Changing company culture is difficult to do by definition.

Steve Denning, author of several leadership and management books, describes organisation culture as ‘an interlocking set of goals, roles, processes, values, communications practices, attitudes and assumptions. 

The elements fit together as a mutually reinforcing system and combine to prevent any attempt to change it.’

But company cultural can change, right? This assumption is an integral part of many digital transformation programmes.

Back in 2013, I wrote a post on 12 simple decisions that could lead to cultural change.

Reflecting on that post I see that perhaps I was a little naive – apart from some thoughts around recruitment, my suggestions probably weren’t bold enough to change something as deep rooted as company culture.

Remote working, for example, is something that could play against you in the early days of trying to engender a change (perhaps why Marissa Meyer wasn’t keen on it when she took over at Yahoo!).

So, here are some more measured examples of how cultural change is brought about, garnered from academia and some digital and non-digital case studies.

1. Change at the top

As Mike Bracken said in a post about Government Digital Services, ‘hire the head and the body will follow‘. 

This is the most important part of cultural (and digital) change, having the right leader in place.

Ashley Friedlein has written about the two types of Chief Digital Officer (CDO), the ambassador and the transformer.

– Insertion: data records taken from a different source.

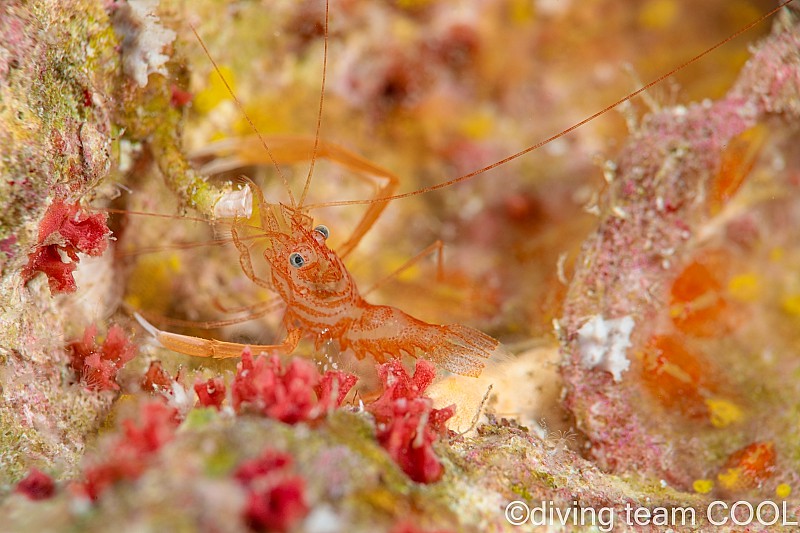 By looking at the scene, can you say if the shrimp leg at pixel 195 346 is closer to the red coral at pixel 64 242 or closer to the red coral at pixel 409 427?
the red coral at pixel 64 242

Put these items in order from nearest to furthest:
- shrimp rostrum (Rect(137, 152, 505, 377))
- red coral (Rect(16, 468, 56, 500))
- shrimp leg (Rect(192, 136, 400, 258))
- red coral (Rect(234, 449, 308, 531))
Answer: red coral (Rect(234, 449, 308, 531))
red coral (Rect(16, 468, 56, 500))
shrimp rostrum (Rect(137, 152, 505, 377))
shrimp leg (Rect(192, 136, 400, 258))

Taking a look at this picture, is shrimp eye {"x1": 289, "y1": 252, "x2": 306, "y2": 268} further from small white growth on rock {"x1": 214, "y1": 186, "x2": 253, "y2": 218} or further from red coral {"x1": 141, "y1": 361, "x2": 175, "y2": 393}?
red coral {"x1": 141, "y1": 361, "x2": 175, "y2": 393}

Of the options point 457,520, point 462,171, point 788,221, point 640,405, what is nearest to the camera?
point 457,520

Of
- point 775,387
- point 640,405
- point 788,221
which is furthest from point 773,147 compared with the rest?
point 640,405

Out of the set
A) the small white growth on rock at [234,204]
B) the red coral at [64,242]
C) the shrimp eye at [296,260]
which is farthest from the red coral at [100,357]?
the shrimp eye at [296,260]

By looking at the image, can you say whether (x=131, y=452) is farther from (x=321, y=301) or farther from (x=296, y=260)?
(x=321, y=301)

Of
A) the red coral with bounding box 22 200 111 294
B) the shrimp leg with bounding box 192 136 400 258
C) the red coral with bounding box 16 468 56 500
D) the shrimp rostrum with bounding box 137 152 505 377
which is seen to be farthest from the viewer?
the shrimp leg with bounding box 192 136 400 258

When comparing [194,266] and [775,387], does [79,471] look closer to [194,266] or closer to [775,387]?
[194,266]

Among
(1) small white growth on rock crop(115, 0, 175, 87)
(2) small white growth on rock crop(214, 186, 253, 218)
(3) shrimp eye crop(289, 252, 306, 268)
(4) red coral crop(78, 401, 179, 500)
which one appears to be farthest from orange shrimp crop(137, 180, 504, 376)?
(4) red coral crop(78, 401, 179, 500)

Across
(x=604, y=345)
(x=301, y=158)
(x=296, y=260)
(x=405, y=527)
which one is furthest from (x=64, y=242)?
(x=604, y=345) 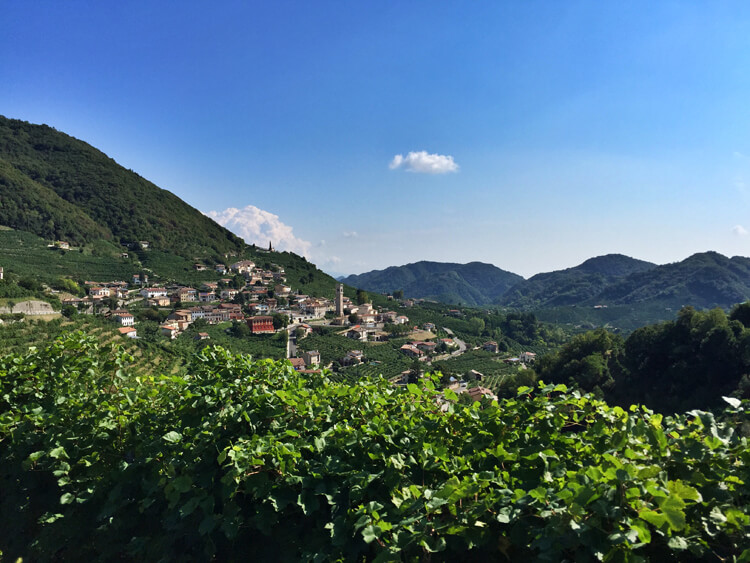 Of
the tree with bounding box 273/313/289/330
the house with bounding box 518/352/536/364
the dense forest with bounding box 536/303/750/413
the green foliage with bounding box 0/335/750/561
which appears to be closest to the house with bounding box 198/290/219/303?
the tree with bounding box 273/313/289/330

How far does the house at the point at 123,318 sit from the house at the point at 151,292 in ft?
43.9

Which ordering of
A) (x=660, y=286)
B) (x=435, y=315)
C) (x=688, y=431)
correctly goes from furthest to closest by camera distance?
(x=660, y=286)
(x=435, y=315)
(x=688, y=431)

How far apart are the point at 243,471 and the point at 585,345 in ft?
137

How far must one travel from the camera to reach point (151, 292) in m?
59.5

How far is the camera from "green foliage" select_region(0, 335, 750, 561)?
4.55 feet

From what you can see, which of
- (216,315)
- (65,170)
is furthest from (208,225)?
(216,315)

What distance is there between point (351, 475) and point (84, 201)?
125381 millimetres

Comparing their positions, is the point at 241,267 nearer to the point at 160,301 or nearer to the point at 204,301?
the point at 204,301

The organisation has to be prepared for change at board level if a transformer CDO is brought on board, someone who likely won’t be able to coexist with a CMO and will be set on a trajectory to CEO at some point in the (successful) future.

The ambassador CDO, on the other hand, is more of an evangelist, an inspirational figure.

ambassador ferrero rocher

2. Recruitment

Zappos is perhaps the most famous example of a company that recruits with an emphasis on cultural fit. The online clothing company conducts a cultural review that counts 50% towards whether an applicant is hired.

Any company going through a transformation project is likely to lose staff and need to employee people in new roles. Defining the recruitment process well in advance is an important step.

Econsultancy has a range of job description templates with advice on how digital roles are changing as skills have diversified and capability is mapped across the organisation.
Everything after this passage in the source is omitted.